いくら魔王を倒した英雄として持ち上げるにしても……
「はぁー…………普通、ここまでやるか?」
ため息しかでてこない。
神の娘、聖女、女神に救世主……知らない間にずいぶんと二つ名が増えたものだ。
だが、こうつらつらと並べては、逆にありがたみにかけるような気もする。
ほんとに詩作が得意だったのかと疑いたくもなるものだ。
……もしかしたらセンスのないあの貴族連中が、寄ってたかってあれこれ詰め込んだ合作なのかもしれない。
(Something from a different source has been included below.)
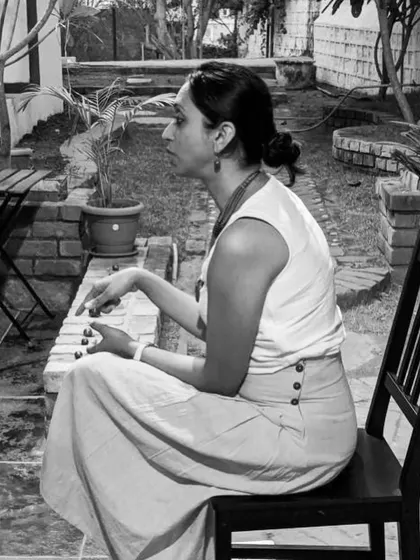 A quiet moment of reflection during a storytelling session. Telling stories to adults is a different kind of energy, often more introspective and focused on shared human experiences.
だとすれば納得の出来だ。
それにしても―
「ずいぶんと出世したものだな」
つい皮肉気に笑ってしまう。
“化け物”やら“悪魔”やら呼ばれていた自分が、今では”神の娘”で”聖女様”だ。
……はたして神などこれっぽっちも信じていないただの人間が、聖女になどなれるのか、甚だ疑問だが。
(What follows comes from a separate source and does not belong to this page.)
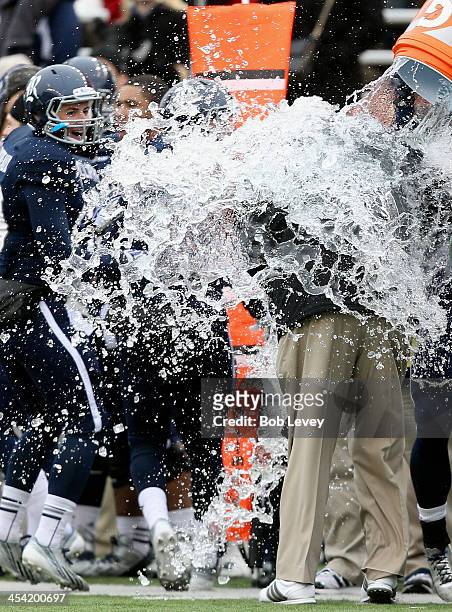 David Bailff, head coach of the Rice Owls , is doused in a wall of water as the Rice Owls defeated the Marshall Thundering Herd to win the Conference...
5年前……いや305年前のあの日から、私は神に祈ることをやめた。
敬虔な信者であった両親を死なせた神を恨み、なによりその原因をつくった自分の運命を呪い……神を憎んだ。
そんな自分が神の娘だと?
救世主だと?
(反吐が出る。お前らのために……世のため人のために魔王を封印したわけではないのに)
(私は、ただ一人のために……)
そのままつい哀愁にくれてしまいそうになる思考を、なんとか押しとどめる。
負のスパイラルから脱出するためにも、他のことを考えないと。
……そういえば、最後の一文。
「『我らその犠牲を忘れることなかれ』、だったか…」
死んだ自分を担ぎあげるだけなら、この一文は不要だろう。
なにより疑問だったのが――
(こんな殊勝なことをいうやつらだったか?)
このふざけた詩をつくった連中。あの性悪どもの中に、最後の文を書くような殊勝な心を持つ者はいない……はずだ。
……………だが、彼らの顔を思いだすだけで気分が悪くなったので、結局すぐにその思考も放棄してしまった。